[Source data]
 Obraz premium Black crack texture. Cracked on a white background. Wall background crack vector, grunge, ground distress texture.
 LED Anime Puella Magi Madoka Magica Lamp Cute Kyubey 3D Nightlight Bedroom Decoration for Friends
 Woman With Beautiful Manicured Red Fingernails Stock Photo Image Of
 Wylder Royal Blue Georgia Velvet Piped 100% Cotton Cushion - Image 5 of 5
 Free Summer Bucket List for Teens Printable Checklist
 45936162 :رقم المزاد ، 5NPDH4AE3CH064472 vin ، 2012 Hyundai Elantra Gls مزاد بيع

- [YOUR TASK]:
Pick out every line above that holds the word "Image" and copy it.

- [ANSWER BELOW]:
 Woman With Beautiful Manicured Red Fingernails Stock Photo Image Of
 Wylder Royal Blue Georgia Velvet Piped 100% Cotton Cushion - Image 5 of 5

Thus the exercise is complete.